In a previous article, I had discussed the topic in detail. I will revisit it again for the sake of brevity.  I want to find out the predictors that are highly correlated to each other in reference to the operating conditions of water points in Tanzania.

Continuing further, I begin the data exploration phase by first loading the dataset into a dataframe. Next, I check the data types of the variables. a majority of the predictirs that I have chosen for this study are categorical in nature.

Next, I explore the data by checking its distribution; frequency distribution for continuous variable and value_counts() for categorical variable as given;

 sub1.describe() #  for continuous variable 

and for categorical variable use the value_counts() function


gravity 26780
handpump 16456
other 6430
submersible 6179
motorpump 2987
rope pump 451
wind-powered 117
Name: extraction_type_class, dtype: int64

Data Preprocessing

So, my first task is to convert them into continuous values. What this means is that if a variable like “Sex” has two values, “Male”, “Female” than on converting it to continuous, its values will be coded to as 1,0. I chose to use the sklearn library to encode the categorical variables as given

 from sklearn.preprocessing import LabelEncoder
var_mod = ['extraction_type_class','payment_type','quality_group','quantity_group','waterpoint_type_group','water_quality','source_type']
le = LabelEncoder()
for i in var_mod:
sub1[i] = le.fit_transform(sub1[i]) 

Data Visualization

With the relevant predictors converted to numerical levels, I then use the seaborn python library to plot them so as to see any associations. I plot a histogram to inspect if the water quality is dependent on the water source type. T show this in fig 1 and the code is given as

t2.plot(kind='hist', stacked=True, grid=False, legend=True, title="Water quality and types of payment")


Fig 1: Histogram of water quality and water payment type

I then show the distribution of observations within the categories using the boxplot. A boxplot  is a kind of plot shows the three quartile values of the distribution along with extreme values. The “whiskers” extend to points that lie within 1.5 IQRs of the lower and upper quartile, and then observations that fall outside this range are displayed independently. Importantly, this means that each value in the boxplot corresponds to an actual observation in the data. This, I show in fig 2 and the code is of just one line

 sns.boxplot(x="source_type", y="payment_type",data=sub1) 


Fig 2: Boxplot showing the statistical distribution of the variable

Often, rather than showing the distribution within each category, you might want to show the central tendency of the values. This is achieved by the barplots that show the statistical distribution within the data.

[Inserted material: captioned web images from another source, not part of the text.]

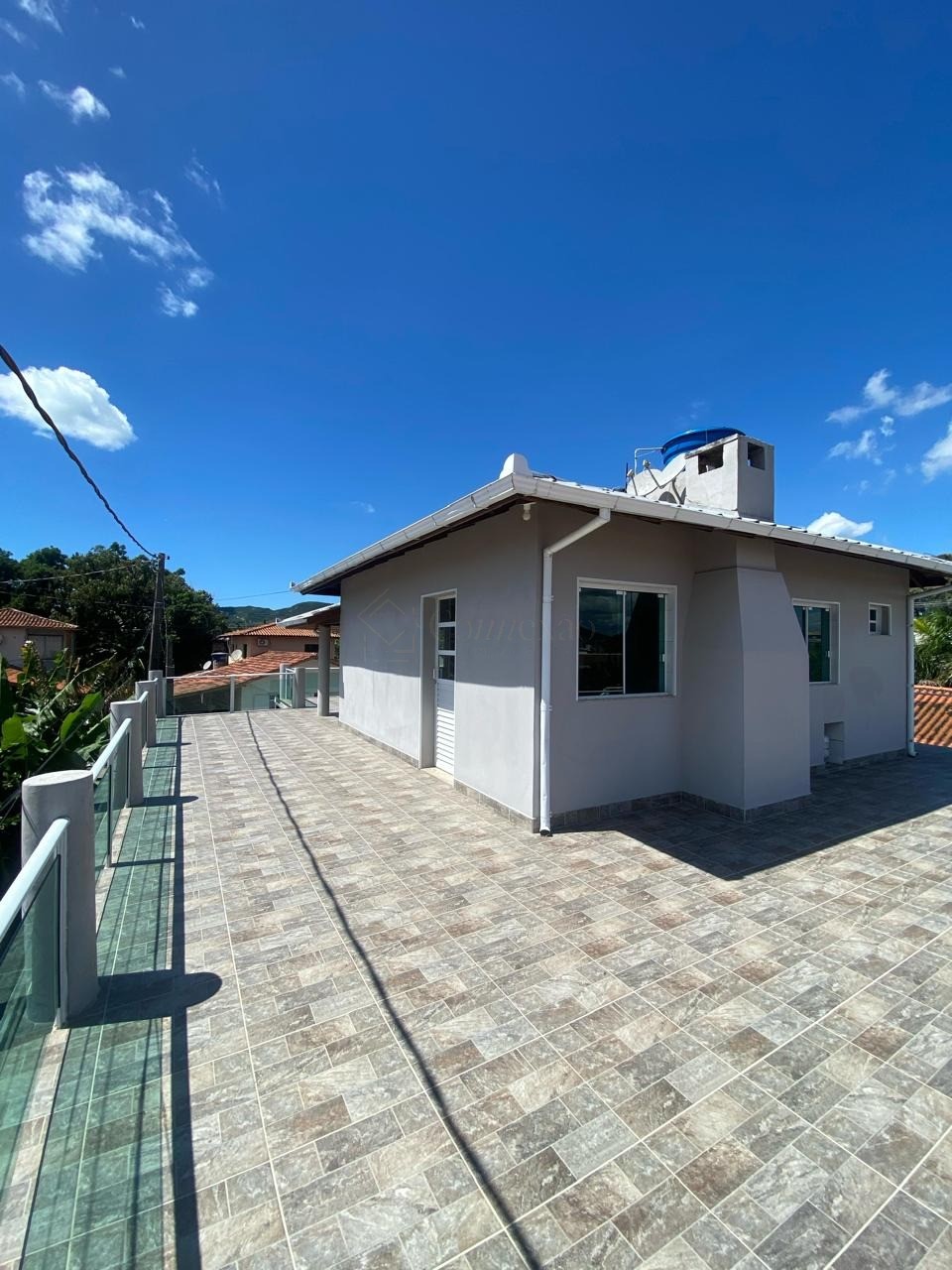 Casa, 2 quartos - Foto 14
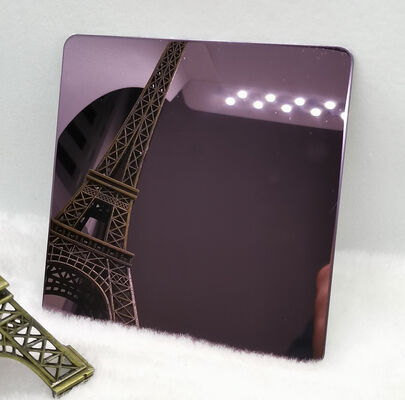 Giá tốt. Khả năng chịu nhiệt lên đến 300°C Tấm thép không gỉ màu có lớp phủ PVD và xử lý chống vân tay Nano được thiết kế cho thời gian sử dụng lâu dài trực tuyến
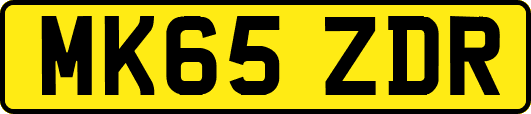MK65ZDR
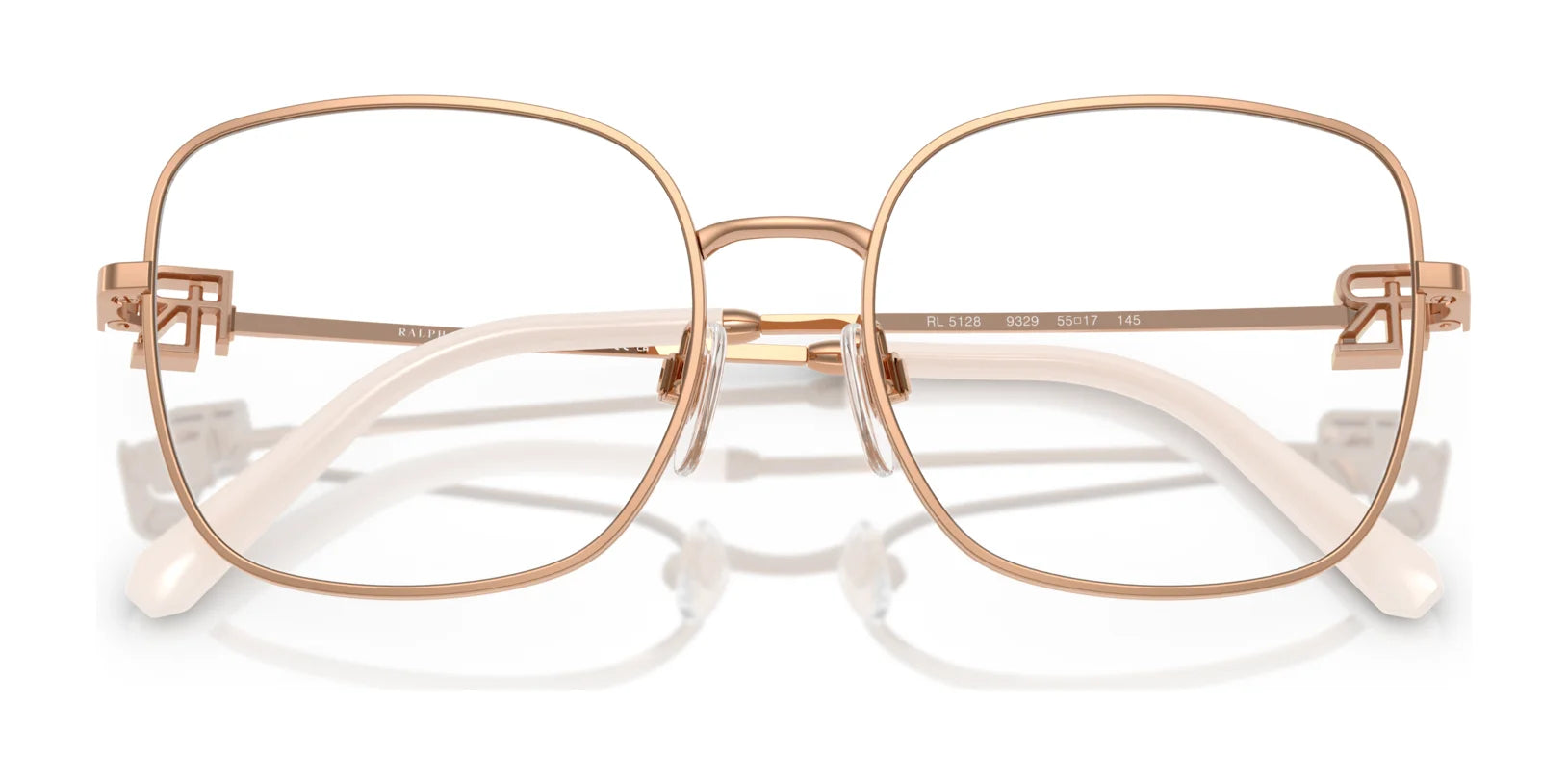 Ralph Lauren RL5128 Eyeglasses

As an example, I show a barplot between the variable ‘extraction type class’ and ‘source type’ in fig 3


Fig 3: Barplot showing the statistical distribution of the value

A special case for the bar plot is when you want to show the number of observations in each category rather than computing a statistic for a second variable. This is similar to a histogram over a categorical, rather than quantitative, variable. In seaborn, it’s easy to do so with the countplot() function. I show this in fig 4, where I use the function to inspect the different types of water quality.

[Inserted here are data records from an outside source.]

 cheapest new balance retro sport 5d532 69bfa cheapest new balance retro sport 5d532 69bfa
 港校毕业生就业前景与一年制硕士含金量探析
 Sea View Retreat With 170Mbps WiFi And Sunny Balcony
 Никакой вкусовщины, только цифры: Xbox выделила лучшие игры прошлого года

Fig 4: Type of water quality

The complete IPython notebook is present on my github account here. Interested readers are advised to look in here for a visual treat.

Learning points

The predictors that i have chosen for the study are all categorical in nature. so early in the data analysis stage I had to encode them to continuous values. To do this, either I could have written a custom function to manually encode the variables or else use the built in library function. I chose the latter because it was easier to implement.

Future To Do Work

One issue that has piqued my interest is about the levels within a category. The Labelencoder() function from the scikit learn library that I chose for the one-hot encoding, I need to explore it further. This I leave as a future work to do.